Joëlle Milquet bientôt inculpée ?
Le Vif/L’Express a appris que la ministre francophone de l’Enseignement, Joëlle Milquet (CDH), a été très longuement auditionnée, hier, dans le cadre de l’enquête menée par le conseiller-instructeur Frédéric Lugentz sur les » emplois fictifs » de son cabinet de l’Intérieur et de l’Egalité des chances (2014). On ne sait pas si elle a été inculpée ou non. Le parquet général a décidé d’observer un black-out total sur cette affaire.
La justice a franchi un pas de plus dans l’affaire du « cabinet Milquet ». L’actuelle ministre francophone de l’Enseignement a été auditionnée, a appris Le Vif/L’Express, ce mardi 16 février, dans le dossier des emplois fictifs suspectés au cabinet de l’Intérieur en 2014. A-t-elle été inculpée ? Le parquet général annonce qu’il ne fera « aucune communication » sur le sujet, sans date limite. On sait en tout cas que l’audition a été très longue et éprouvante, commençant le matin et se terminant au milieu de la nuit. Les faits: en 2014, Joëlle Milquet était ministre de l’Intérieur et de l’Egalité des chances dans le gouvernement Di Rupo. En février de cette année-là, Le Vif/L’Express s’était interrogé sur l’embauche curieuse, à six mois des élections fédérales et régionales du 25 mai, d’au moins huit nouveaux collaborateurs. Lesquels présentaient tous un même profil bruxellois et politique, la plupart ayant été élus et ayant figuré comme candidats CDH aux élections communales de 2012 dans les communes de Molenbeek, Anderlecht, Saint-Josse, Bruxelles, etc., précisément là où la candidate et ministre en exercice Milquet battait campagne avec vigueur.
Le Vif/L’Express avait également mis la main sur des profils de fonction qui, pour chacune de ces recrues, décrivaient bon nombre de tâches à remplir pour la campagne électorale de la ministre CDH et ex-présidente du parti humaniste. Nos révélations et la publication de ces profils ont alerté la justice qui, dans un premier temps, s’est contentée d’ouvrir une simple information judiciaire. A ce stade de la procédure, aucun devoir d’enquête n’a été demandé par le substitut en charge du dossier. Quelques mois plus tard, le parquet général se saisira de l’affaire. Logique, car ce qui touche un ministre en fonction est du ressort de la cour d’appel. Finalement, fin janvier 2015, une instruction sera ouverte et confiée au conseiller Lugentz.

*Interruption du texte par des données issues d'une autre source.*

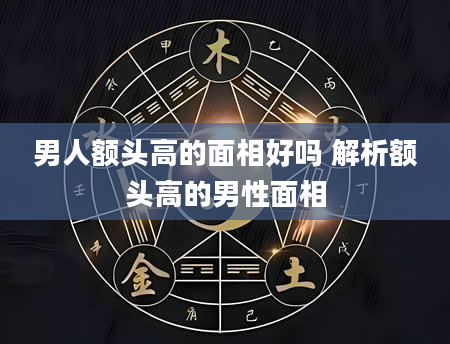 男人额头高的面相好吗 解析额头高的男性面相
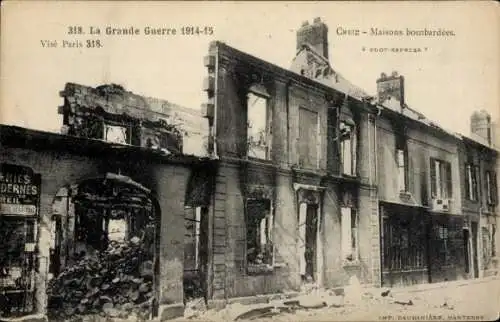 Ak Creil Oise, maisons bombardees, la Grande Guerre 1914-15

Ce magistrat, connu notamment pour avoir enquêté sur le juge Leys dans le cadre de l’affaire KB-Lux (vaste fraude fiscale des années 80 et 90 estimée à 400 millions d’euros), a vite montré sa détermination à démêler cette histoire d’emplois fictifs. Mi-juin dernier, des perquisitions ont été menées tous azimuts, au cabinet de l’Enseignement (occupé à l’été 2014 par Milquet), à celui de l’Intérieur (repris à l’automne 2014 par Jan Jambon), au domicile des collaborateurs suspectés et au siège du CDH. Documents, ordinateurs, disques durs, GSM ont été saisis. Les enquêteurs ont pris le temps d’analyser le produit de leur pêche et de procéder à quelques auditions, avant d’entendre Joëlle Milquet, ce mardi 16 février. Il est bien sûr important de rappeler la présomption d’innocence de l’intéressée à ce stade de l’enquête. Pour l’heure, on ne sait toujours pas si une inculpation a été prononcée ou non.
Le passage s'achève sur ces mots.